#### Instructions for the task
Instruction for the entries that follow: retype exactly the lines from the line with "Cabinet Design" to the line with "Breukelen 16 juni 2010", both included, and omit all others.

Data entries
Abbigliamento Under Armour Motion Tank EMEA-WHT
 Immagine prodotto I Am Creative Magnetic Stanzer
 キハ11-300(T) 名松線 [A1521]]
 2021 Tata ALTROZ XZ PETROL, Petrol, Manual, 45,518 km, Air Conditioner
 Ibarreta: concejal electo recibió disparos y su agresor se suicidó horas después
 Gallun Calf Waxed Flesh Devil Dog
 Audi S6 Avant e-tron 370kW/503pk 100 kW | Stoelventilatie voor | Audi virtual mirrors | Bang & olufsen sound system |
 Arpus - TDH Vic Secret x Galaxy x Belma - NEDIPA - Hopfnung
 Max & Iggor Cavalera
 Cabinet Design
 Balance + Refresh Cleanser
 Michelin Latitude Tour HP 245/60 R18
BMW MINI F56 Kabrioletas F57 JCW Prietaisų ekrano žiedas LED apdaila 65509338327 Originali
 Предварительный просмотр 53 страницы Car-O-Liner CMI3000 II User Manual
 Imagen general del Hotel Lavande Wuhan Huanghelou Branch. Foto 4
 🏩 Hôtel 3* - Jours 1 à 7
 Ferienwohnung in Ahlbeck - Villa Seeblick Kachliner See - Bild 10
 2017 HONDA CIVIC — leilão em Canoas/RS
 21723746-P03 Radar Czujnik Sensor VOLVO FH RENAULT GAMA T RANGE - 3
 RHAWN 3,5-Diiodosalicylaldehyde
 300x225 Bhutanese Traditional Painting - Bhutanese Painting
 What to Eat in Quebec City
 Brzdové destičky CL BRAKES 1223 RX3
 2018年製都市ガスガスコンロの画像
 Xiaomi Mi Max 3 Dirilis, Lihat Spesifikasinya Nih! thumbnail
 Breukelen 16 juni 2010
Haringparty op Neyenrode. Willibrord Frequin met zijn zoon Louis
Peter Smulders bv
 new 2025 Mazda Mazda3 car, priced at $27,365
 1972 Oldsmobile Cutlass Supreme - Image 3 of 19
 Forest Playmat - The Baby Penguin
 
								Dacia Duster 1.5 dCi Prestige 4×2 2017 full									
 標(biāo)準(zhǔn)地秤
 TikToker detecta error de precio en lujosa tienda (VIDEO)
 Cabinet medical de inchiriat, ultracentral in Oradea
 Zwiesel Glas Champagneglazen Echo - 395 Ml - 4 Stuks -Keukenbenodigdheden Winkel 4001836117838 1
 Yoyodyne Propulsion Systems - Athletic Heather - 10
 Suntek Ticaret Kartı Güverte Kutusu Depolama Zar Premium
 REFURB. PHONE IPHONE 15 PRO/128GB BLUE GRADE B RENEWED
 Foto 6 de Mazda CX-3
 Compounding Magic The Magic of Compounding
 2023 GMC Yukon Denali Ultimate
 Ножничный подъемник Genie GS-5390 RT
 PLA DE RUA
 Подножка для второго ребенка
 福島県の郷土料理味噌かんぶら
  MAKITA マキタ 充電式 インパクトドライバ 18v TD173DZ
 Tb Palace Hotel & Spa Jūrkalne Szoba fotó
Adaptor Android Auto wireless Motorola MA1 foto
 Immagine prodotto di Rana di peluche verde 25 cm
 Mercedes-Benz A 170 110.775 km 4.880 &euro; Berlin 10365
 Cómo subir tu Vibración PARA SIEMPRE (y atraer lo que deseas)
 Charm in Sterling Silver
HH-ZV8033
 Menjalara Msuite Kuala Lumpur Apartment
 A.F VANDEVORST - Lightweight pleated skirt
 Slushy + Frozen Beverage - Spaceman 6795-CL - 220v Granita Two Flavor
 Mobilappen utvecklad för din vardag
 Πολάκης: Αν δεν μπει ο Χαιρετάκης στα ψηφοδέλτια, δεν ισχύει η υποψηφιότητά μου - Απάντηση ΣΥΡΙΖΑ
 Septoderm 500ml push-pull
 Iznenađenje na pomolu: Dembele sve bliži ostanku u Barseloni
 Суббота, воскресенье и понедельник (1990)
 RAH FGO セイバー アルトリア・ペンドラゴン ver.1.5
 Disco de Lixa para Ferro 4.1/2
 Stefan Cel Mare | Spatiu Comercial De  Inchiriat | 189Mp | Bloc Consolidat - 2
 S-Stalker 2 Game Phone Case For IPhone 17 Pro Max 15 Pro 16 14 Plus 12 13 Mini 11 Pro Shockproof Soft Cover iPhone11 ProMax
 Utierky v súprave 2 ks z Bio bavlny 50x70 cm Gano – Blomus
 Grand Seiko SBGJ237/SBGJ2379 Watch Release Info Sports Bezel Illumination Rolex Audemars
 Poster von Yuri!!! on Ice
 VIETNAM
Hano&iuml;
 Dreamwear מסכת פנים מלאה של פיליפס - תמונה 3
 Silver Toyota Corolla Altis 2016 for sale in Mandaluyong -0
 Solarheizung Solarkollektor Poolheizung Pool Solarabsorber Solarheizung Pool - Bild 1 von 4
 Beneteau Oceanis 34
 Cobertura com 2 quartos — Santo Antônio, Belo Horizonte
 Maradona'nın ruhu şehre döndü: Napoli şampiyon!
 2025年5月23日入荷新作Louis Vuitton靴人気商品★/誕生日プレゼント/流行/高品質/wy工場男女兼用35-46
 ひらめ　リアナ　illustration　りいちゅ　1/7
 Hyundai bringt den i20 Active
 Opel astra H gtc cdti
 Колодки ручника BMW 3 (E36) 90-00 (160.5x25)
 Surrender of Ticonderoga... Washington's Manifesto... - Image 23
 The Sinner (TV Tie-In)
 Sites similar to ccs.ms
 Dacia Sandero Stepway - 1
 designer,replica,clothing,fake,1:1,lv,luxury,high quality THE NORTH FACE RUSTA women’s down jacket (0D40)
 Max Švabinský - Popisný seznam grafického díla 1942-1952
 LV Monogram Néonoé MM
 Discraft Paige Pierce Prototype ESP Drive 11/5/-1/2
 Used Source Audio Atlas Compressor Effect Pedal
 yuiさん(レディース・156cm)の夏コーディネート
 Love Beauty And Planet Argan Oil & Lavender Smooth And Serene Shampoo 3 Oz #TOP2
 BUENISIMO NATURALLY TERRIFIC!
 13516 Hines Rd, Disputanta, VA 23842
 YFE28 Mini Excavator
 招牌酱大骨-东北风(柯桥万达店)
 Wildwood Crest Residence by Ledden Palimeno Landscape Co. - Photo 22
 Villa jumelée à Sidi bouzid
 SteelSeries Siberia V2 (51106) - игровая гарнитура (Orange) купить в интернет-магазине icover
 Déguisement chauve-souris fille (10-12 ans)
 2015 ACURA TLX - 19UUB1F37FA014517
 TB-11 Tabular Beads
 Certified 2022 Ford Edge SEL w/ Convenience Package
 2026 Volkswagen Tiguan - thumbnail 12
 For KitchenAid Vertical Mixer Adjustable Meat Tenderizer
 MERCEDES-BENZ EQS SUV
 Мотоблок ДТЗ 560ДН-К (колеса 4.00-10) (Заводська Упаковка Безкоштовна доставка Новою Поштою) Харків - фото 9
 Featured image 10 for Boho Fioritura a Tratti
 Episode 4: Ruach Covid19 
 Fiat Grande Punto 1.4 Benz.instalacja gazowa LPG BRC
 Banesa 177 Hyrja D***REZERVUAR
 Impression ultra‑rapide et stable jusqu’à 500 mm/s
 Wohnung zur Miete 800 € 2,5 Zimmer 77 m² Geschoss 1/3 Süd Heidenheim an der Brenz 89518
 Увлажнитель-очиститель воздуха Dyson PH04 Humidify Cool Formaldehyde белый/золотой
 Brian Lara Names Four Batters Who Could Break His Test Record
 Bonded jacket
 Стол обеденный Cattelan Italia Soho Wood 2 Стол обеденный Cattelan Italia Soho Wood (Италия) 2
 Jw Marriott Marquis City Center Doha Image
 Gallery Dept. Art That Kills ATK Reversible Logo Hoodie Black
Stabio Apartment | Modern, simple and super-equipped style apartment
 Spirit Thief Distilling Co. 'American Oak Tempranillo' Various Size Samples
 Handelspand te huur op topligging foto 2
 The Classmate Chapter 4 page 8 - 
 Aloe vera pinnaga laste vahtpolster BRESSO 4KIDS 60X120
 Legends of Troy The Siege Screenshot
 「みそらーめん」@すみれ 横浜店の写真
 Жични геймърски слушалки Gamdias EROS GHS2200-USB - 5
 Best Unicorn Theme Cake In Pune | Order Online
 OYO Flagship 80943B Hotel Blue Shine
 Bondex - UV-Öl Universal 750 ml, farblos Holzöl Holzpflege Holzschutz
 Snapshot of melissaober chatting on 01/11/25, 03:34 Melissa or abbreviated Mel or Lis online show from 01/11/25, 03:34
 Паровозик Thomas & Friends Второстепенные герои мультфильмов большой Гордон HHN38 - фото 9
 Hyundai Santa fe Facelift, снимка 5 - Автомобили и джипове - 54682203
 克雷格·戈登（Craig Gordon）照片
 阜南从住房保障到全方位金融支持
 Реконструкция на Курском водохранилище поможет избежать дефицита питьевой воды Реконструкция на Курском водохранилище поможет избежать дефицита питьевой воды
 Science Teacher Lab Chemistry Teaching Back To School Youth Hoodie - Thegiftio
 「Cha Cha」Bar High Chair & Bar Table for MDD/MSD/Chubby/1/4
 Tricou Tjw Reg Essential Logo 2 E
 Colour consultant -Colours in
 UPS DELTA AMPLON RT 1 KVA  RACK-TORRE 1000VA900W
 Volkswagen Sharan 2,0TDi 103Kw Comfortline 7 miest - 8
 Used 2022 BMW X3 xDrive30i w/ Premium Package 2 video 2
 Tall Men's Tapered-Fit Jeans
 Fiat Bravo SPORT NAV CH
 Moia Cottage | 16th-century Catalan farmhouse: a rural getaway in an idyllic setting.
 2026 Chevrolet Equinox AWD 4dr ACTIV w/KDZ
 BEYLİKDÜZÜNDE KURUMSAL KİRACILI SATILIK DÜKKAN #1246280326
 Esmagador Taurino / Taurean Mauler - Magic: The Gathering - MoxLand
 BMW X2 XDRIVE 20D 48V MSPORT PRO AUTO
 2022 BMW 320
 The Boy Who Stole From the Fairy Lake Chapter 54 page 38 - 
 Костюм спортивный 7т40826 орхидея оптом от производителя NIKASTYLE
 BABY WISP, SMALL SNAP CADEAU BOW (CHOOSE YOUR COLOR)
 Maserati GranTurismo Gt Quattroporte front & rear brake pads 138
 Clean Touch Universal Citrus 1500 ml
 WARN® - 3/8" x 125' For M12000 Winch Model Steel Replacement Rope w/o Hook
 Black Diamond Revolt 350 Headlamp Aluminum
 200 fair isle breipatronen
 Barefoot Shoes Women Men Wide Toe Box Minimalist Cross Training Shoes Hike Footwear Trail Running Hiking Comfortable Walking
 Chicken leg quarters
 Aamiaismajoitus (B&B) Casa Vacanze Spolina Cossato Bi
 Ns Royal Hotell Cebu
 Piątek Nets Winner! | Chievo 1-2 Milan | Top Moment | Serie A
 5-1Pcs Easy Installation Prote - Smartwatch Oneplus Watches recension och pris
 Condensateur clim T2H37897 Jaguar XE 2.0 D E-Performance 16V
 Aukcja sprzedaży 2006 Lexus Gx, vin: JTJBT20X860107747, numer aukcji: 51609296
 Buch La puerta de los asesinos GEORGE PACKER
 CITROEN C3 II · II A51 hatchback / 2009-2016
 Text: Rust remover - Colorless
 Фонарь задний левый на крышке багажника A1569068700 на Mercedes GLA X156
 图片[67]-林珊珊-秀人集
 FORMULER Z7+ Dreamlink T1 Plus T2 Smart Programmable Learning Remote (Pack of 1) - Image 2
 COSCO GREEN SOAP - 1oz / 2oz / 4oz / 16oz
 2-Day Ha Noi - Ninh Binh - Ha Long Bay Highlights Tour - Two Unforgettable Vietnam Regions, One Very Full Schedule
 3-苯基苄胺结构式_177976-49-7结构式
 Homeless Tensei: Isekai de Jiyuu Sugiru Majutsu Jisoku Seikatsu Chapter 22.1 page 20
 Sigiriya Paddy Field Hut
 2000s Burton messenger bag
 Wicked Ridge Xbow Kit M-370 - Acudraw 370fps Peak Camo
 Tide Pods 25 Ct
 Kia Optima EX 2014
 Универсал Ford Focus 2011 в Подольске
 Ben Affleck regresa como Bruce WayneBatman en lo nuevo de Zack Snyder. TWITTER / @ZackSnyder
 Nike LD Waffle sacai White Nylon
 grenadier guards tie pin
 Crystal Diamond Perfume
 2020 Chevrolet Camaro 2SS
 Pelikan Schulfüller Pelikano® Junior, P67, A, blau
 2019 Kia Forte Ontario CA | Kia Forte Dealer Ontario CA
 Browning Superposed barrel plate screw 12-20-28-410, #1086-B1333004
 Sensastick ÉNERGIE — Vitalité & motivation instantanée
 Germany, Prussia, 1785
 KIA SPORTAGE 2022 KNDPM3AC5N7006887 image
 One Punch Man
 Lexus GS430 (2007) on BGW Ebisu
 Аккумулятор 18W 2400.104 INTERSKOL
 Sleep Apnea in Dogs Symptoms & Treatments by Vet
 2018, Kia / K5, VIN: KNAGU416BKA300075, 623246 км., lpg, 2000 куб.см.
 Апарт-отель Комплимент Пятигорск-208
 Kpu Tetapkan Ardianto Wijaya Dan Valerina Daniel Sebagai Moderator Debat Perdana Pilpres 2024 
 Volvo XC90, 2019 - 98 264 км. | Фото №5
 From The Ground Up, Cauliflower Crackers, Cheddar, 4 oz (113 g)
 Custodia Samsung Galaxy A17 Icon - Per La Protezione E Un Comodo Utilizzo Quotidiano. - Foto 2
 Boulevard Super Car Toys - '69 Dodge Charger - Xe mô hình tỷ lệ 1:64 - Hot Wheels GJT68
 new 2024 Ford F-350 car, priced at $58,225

#### Solution
 Cabinet Design
 Balance + Refresh Cleanser
 Michelin Latitude Tour HP 245/60 R18
BMW MINI F56 Kabrioletas F57 JCW Prietaisų ekrano žiedas LED apdaila 65509338327 Originali
 Предварительный просмотр 53 страницы Car-O-Liner CMI3000 II User Manual
 Imagen general del Hotel Lavande Wuhan Huanghelou Branch. Foto 4
 🏩 Hôtel 3* - Jours 1 à 7
 Ferienwohnung in Ahlbeck - Villa Seeblick Kachliner See - Bild 10
 2017 HONDA CIVIC — leilão em Canoas/RS
 21723746-P03 Radar Czujnik Sensor VOLVO FH RENAULT GAMA T RANGE - 3
 RHAWN 3,5-Diiodosalicylaldehyde
 300x225 Bhutanese Traditional Painting - Bhutanese Painting
 What to Eat in Quebec City
 Brzdové destičky CL BRAKES 1223 RX3
 2018年製都市ガスガスコンロの画像
 Xiaomi Mi Max 3 Dirilis, Lihat Spesifikasinya Nih! thumbnail
 Breukelen 16 juni 2010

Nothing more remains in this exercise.